━━━━━ Source material ━━━━━
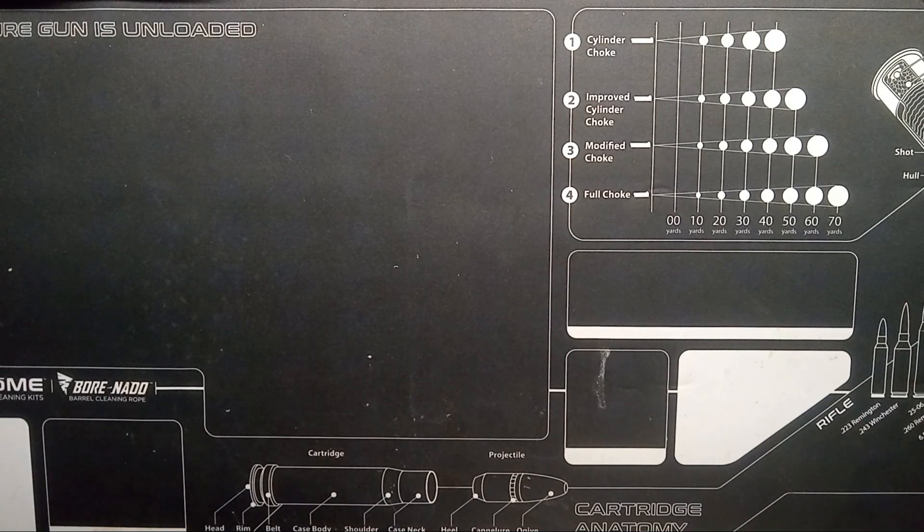Hello everyone, welcome back to Dollar Tree Tactical. Today's video — I already made this video, but it was too shitty, so I'm doing it again, and I got more shit for y'all.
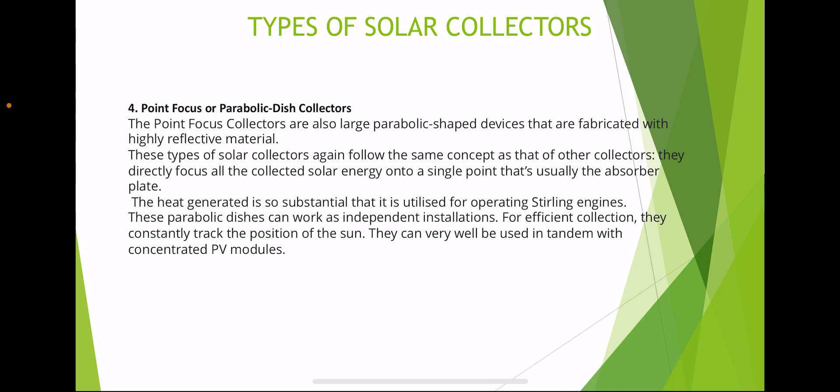Point focus or parabolic dish collectors are also large parabolic-shaped devices fabricated with highly reflective material. They follow the same concept as other collectors, directly focusing solar energy into a single point, usually the absorber plate. The heat generated is so substantial that it is utilized for operating Stirling engines. These parabolic dishes can work as independent installations and constantly track the position of the sun. They can also be used in tandem with concentrated PV modules.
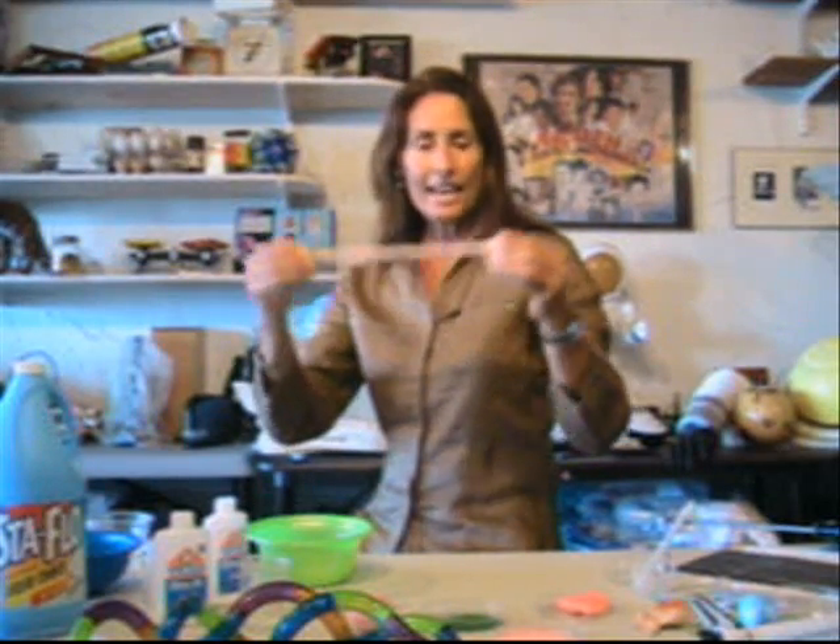Silly putty is made primarily from silicone and color pigment. It was discovered in 1943 by James Wright, an engineer at GE. Wright found this substance had some unique properties — it could stretch and bounce farther than rubber, even at extreme temperatures. Wright discovered silly putty when he accidentally dropped boric acid into silicone oil.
━━━━━
What is being asked:
Set down word for word the lines beginning with the one containing "Point focus or" and ending with the last line of the listing, inclusive. Omit every picture.

Solution to this exercise:
Point focus or parabolic dish collectors are also large parabolic-shaped devices fabricated with highly reflective material. They follow the same concept as other collectors, directly focusing solar energy into a single point, usually the absorber plate. The heat generated is so substantial that it is utilized for operating Stirling engines. These parabolic dishes can work as independent installations and constantly track the position of the sun. They can also be used in tandem with concentrated PV modules.
Silly putty is made primarily from silicone and color pigment. It was discovered in 1943 by James Wright, an engineer at GE. Wright found this substance had some unique properties — it could stretch and bounce farther than rubber, even at extreme temperatures. Wright discovered silly putty when he accidentally dropped boric acid into silicone oil.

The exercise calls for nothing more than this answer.